Scarcerati e subito deportati in Sud Sudan i tre esponenti del Movimento di liberazione popolare del Nord-Sudan «Agar» (Splm-N Agar) arrestati nei giorni scorsi dalle autorità di Khartoum. Il numero 2 Yasir Arman, il segretario Ismail Jalab e il portavoce Mubarak Ardol erano appena rientrati dall’esilio per finalizzare gli accordi relativi al conflitto nel Sud Kordofan e nel Blue Nile. E sono parte integrante dell’ampia coalizione delle Forze per la libertà e il cambiamento (Fcc) che si oppone alla prospettiva di un governo militare di transizione in Sudan.
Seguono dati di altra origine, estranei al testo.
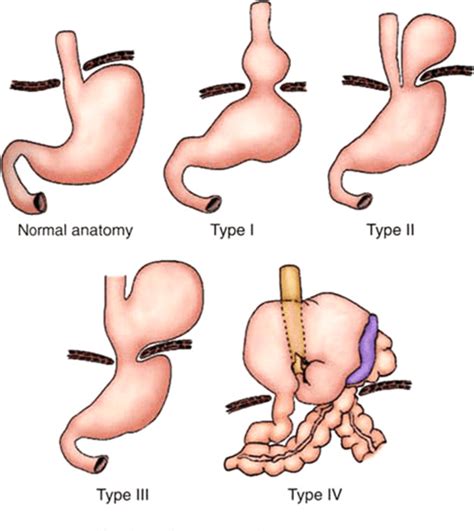 Figure 2 From Massive Hiatal Hernia A Review Semantic Scholar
Ancor più dopo il massacro di manifestanti inermi compiuto lunedì scorso dalle Rapid Support Forces (Rsf), note in passato come «Janjaweed».

Agli oltre cento morti denunciati dalle opposizioni se ne sono aggiunti altri 4 domenica, primo giorno della «disobbedienza civile totale» e dello «sciopero generale a oltranza» proclamato dalla Associazione dei professionisti sudanesi (Spa), principale sigla della sollevazione iniziata sei mesi fa e culminata con la rimozione di Omar al Bashir in aprile, per rispondere alla mano dura adottata dal Consiglio militare di transizione (Tmc) e senza esporre i manifestanti al rischio di nuove mattanze.
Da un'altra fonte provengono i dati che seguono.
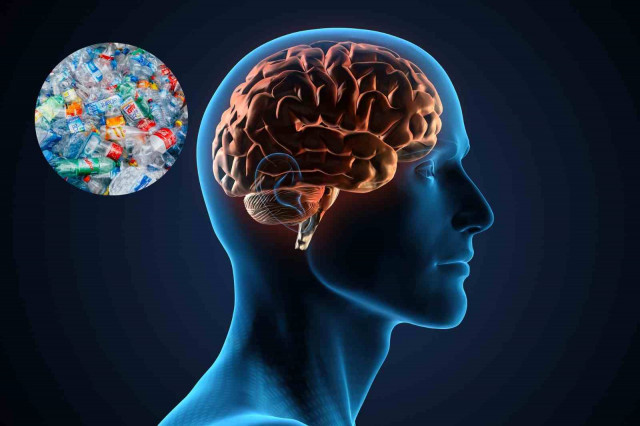 La presència de microplàstics al cervell humà es dispara un 50% en els últims 8 anys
«Questa nuova fase terminerà solo quando un governo civile verrà annunciato alla tv di stato», recita una nota dell’alleanza anti generali. Ieri ancora strade deserte, mercati, banche, negozi, tutto chiuso. Anche l’aeroporto ha funzionato a singhiozzo e non sono mancati arresti e intimidazioni contro i lavoratori in sciopero.